# Anyone got experience with negotiating better rate with PTSB?



## Petal (1 Nov 2006)

Hi,

I'm thinking of fixing my my mortgage for two years. I've had it for 6 months with PTSB and currently on tracker rate 4.35. I've asked them about fixed rates and they are offering 4.85 for two years. A friend suggested I should try and get the new business rate of 4.54 since I've only been with them for 6 months. I've arranged through a broker, so I haven't got a branch as such I am with, but rather only a number for the mortgage centre in Stephen's Green. I figure if I ring there I won't get anywhere... Would it be better to just go into any branch and talk to an advisor in there? Or has anyone any advice on how to best try and wing this?

Many thanks!


----------



## Downunder (1 Nov 2006)

Had a mortgage with PTSB on our first home and then when we traded up again. For the simple reason they gave us the most at the time. Each time I tried to negotiate a better deal when our intro offer was up, especially when they were uncompetitively priced at the time (3 and 1 1/2 years ago). Even though I didn't get anywhere in each circumstance I did get through to their business retention department. These tend to be either Underwriters or as close as you are going to get. People who will give you a quick 'yes' or 'no'. Good luck!!


----------



## cartman123 (1 Nov 2006)

Had  a mortgage with  PTSB fixed for 1 yr. When that finished i was offered new rates which were not great. Rang up, got through to the "customer retention Dept". got no where with them. Offered me no reduction. I told them I was moving to Ulster bank. They more or less said good luck!


----------



## F. Kruger (1 Nov 2006)

I don't know what PTSB's policy is on this but I would be surprised if they were interested in retaining (granting preferential rates) business that is with them short term. Therefore, the threat of moving to another may not carry any weight.

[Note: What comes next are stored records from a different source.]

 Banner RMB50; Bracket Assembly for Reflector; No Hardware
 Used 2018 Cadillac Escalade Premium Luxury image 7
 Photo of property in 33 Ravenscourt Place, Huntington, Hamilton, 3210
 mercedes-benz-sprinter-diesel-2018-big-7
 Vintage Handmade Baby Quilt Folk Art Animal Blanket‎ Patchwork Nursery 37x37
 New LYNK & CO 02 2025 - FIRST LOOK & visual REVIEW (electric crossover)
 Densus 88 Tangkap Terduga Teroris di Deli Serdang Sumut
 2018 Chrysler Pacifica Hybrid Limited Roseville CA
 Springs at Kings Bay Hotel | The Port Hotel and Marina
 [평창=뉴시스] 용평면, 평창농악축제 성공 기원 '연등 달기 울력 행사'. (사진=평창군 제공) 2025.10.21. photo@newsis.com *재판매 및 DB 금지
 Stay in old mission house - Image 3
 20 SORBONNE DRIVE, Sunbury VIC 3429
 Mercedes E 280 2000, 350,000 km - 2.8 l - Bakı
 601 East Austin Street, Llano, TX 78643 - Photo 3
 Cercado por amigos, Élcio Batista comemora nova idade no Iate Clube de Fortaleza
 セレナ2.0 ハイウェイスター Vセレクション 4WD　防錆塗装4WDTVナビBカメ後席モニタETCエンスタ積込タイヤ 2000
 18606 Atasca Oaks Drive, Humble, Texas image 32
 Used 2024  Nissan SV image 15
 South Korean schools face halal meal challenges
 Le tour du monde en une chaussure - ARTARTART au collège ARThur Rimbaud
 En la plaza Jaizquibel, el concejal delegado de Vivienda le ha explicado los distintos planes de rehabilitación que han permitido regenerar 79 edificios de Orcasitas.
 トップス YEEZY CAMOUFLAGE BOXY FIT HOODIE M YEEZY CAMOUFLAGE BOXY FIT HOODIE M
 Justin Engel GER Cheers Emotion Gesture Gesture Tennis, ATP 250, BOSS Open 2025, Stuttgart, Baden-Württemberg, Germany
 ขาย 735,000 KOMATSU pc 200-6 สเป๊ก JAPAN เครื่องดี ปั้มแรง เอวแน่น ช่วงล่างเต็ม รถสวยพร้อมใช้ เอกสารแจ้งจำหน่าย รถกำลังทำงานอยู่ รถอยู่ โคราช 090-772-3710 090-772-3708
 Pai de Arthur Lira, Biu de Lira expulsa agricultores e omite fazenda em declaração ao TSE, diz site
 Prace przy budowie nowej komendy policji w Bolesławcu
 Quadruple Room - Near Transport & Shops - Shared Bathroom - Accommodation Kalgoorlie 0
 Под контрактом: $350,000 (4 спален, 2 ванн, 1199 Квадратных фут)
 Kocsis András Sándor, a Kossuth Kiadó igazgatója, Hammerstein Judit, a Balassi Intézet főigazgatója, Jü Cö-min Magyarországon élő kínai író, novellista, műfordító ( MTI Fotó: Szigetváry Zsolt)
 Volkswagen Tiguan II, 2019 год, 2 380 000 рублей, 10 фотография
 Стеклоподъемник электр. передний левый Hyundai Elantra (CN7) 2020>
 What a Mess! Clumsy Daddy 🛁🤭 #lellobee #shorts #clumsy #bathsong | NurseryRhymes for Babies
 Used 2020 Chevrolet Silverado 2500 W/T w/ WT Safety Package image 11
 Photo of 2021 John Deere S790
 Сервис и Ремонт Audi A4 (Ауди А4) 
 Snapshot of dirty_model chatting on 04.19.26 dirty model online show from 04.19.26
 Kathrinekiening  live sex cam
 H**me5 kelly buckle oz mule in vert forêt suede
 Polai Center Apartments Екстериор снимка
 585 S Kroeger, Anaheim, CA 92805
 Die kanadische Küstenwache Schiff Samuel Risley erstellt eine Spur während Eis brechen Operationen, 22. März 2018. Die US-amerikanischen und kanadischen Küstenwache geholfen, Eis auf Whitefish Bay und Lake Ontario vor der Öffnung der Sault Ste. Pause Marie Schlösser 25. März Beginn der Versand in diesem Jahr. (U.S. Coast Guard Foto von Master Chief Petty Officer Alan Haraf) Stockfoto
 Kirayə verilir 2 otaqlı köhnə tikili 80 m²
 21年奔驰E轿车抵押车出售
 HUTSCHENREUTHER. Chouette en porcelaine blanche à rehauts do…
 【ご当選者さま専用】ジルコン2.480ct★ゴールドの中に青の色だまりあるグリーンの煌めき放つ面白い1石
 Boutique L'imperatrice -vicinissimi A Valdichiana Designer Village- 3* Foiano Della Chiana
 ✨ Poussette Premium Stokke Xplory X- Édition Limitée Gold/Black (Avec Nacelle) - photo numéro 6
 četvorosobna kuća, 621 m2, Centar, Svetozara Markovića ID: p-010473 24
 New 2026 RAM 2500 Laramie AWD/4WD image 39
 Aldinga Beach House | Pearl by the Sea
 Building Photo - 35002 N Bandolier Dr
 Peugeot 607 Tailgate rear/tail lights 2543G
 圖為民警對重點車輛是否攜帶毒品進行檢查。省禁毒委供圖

I would assume that if a customer has built up a relationship with them over a number if years that they may be in a better position to negotiate a better rate.


----------



## Petal (2 Nov 2006)

Doesn't sound too good, I'll see where I'll get with them and keep you posted...


----------



## beetroot (8 Nov 2006)

I had a very funny conversation with Business Retention in PTSB. I told him I was currently on the standard variable rate of 4.6 and that if I moved to NIB's 60% ltv tracker I would be saving roughly .75%. Next he said he'd just check a few numbers (it was a real Little Brittan moment) then came back saying noooooooo the best he could do was to offer me the tracker rate of 4.5%. He said he didn't know how NIB are offering those rates as they can't be making any money from it (once you take into account the fees etc they pay for you), and that it wouldn't last. I told him I didn't care if it lasted as long as I got my contracts signed before then. He said to ring him again next week and that he might be in a better position, don't think so!


----------



## Kaso (8 Nov 2006)

I'm in the process of switching to NIB from PTSB also. I think I was speaking with the same guy in the retention dept. as beetroot - he doesn't understand how NIB are making any profits with their rates. Anyway he said they may be able to knock some basis points off the current Tracker for me but would never match the NIB rate. I told him thanks but no thanks so I'm now on my way to lower mortgage payments!


----------



## speedy (9 Nov 2006)

just to add to kaso's and beetroot's experiences with ptsb, we are also considering moving to nib. the retention office offered to drop our rate by 0.25% but that was the best they were willing to go to. also thought that the nib offer was too good to be true and too good to last. so it was a waste of time really and we're heading over to nib.

the more people that move, the quicker they'll realise something'll have to be done.


----------